PROBLEM REQUIREMENTS: Every line from the line containing "President Nelson interpretando a Himself" through the final line of the data is to be printed exactly; no other line is to appear.
BEGIN DATASET EXTRACT
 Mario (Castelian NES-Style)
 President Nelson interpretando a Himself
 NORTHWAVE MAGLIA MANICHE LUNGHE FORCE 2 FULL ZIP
END DATASET EXTRACT
SOLVED EXERCISE:
 President Nelson interpretando a Himself
 NORTHWAVE MAGLIA MANICHE LUNGHE FORCE 2 FULL ZIP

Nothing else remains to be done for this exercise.